On tourne en rond lorsque les consciences sont en voies de garage. Personne ne sait qui a débuté les hostilités. C'est un inconnu dont personne n'a identifié. Ce n'était donc qu'un calme précaire qui régnait. Et moi qui croyais que je serais tranquille sur les hauteurs durant tout le temps. C'est un séisme qui risquerait de tout ravager. On peut le comparer déjà à un tsunami.

Les militants sont déroutés. Ils ne savent plus où s'orienter. Détenus dans un labyrinthe sans sortie ! Encore que la brise ne souffle plus pour indiquer l'allée éclairée. Gare à celui qui se trompe de sens de la circulation. On marche à l'aveuglette. Le faible qui s'égare serait immédiatement sacrifié.

Depuis, je ne ferme plus l'oeil, je ne fais que somnoler. Mes jours semblent comptés et mon sort jeté au dévolu. Devrais-je attendre la dernière minute pour me décider ? Vraiment ! Les conseillers les plus chevronnés ou les analystes les plus expérimentés ne sauraient vous prédire l'heureuse issue. Je ne sais plus comment réagir. Je suis pétrifié. J'ai l'impression d'être dans une bouteille renversée. Le retournement de veste de l'ultime seconde ne saurait me sauver.

Je songe à changer non pas de camp mais carrément de parti pour espérer échapper à la solution finale. Si je le ferais, on m'accueillirait à bras ouverts dans l'autre bord qui n'espérait par tant gonfler ses effectifs. Mais pour combien de temps la paix ? C'est le même clonage partout ailleurs tant que la modernité n'aurait pas élu domicile dans notre demeure.

Je m'en foutrais ce qu'on irait se dire sur mon compte. L'éthique et la déontologie ne sont que des trucs qui n'intéressent que quelques uns qui vivent virtuellement à travers la parabole pointée vers Hotbird ou Astra. Chez nous, il est considéré comme un acte avéré, un signe d'équilibre ou d'annihilateur des forces.
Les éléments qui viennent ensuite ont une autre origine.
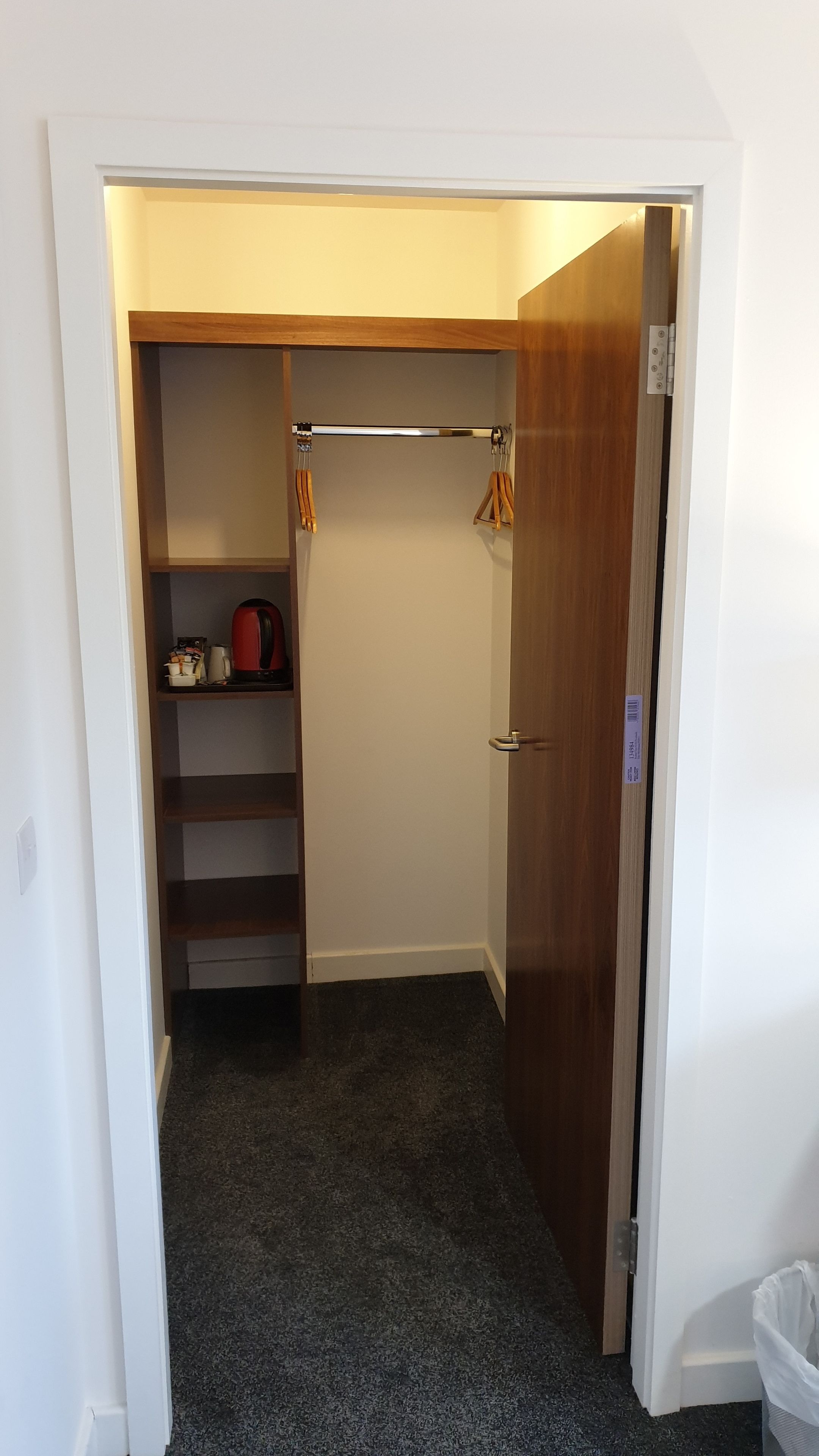 twin room | desk, iron/ironing board, free wifi, bed sheets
Mon ancien parti comptait pourtant beaucoup sur moi. Il est entrain de se désagréger. En passant de l'autre côté, il s'agirait de sauver ma tête et rester le plus longtemps possible au poste afin de préserver mes fabuleuses indemnités. Je ne suis qu'une « hchicha talba m'iichaa » voulant profiter du hasard qui m'a expédié par miracle vers les cieux. Je souhaiterais n'être qu'une élémentaire herbe cherchant à jouir de cette fortuite situation qu'on ne peut refuser par défaut de l'homme qu'il faut à la place qu'il faut. Peut-être que j'aurais plus de chances avec ma future nouvelle formation. Mes combines sont un cocktail de risques et de coups de chance. Peut-être qu'elles me souriraient à nouveau pour longtemps et pourquoi pas durant le restant de ma vie.

Acte IV et FIN : LE DÉNOUEMENT?

Dans mon antécédent bord, on continue à régler les comptes à coups de manches et de balais. Par ricochet, le pays et son image en prendraient de sales répercussions. Un malheureux cul-de-sac dans lequel nous nous sommes enfermé. Nous avons laminé notre jeunesse qui ne pense qu'à s'évader et ne s'intéresser guère au devenir du pays.
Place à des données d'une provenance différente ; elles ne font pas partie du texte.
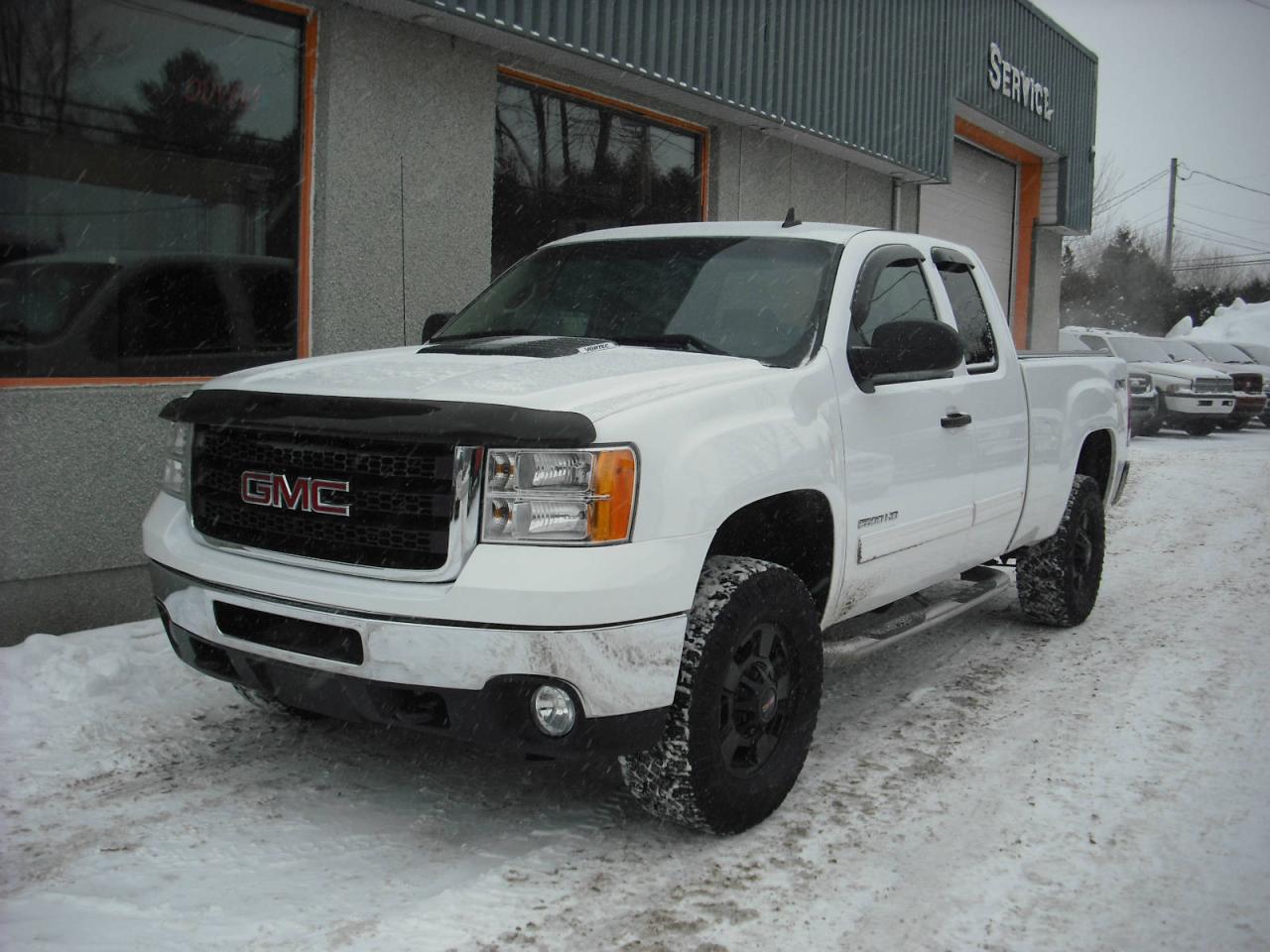 Used 2011 GMC Sierra 2500 4 RM, Cabine allongée, SLE for sale in Repentigny, QC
Quelle Algérie allons-nous la laisser et dans quel état d'esprit ? Je vais bientôt partir en retraite dorée mais certainement pas en toute quiétude. J'ai peur que l'on viendrait à ma tombe et l'on me délogerait pour m'enterrer ailleurs, loin des yeux parmi les recalés. Voilà ce qui pourrait nous arriver et au pays en premier lieu par nos erreurs presque volontaires et par notre entêtement permanent à vouloir tout posséder sans partager, avoir toujours raison sans débattre ensemble toutes les questions engageant l'avenir du pays, associant toutes les forces vives émergeantes dans le pays.

Pris par de profonds remords, j'ai compris finalement une chose. Des personnes de ma trempe qui rouillent d'opportunisme n'auraient pas dus se présenter aux postes qui ne pouvaient pas leur revenir si des règles adéquates étaient appliquées. Et en laissant passer le flambeau paisiblement à d'autres plus aguerris, plus qualifiés pour assurer les affaires du pays. J'aurais pu ainsi épargner à mon pays beaucoup de dommages et de retards pris dans son évolution.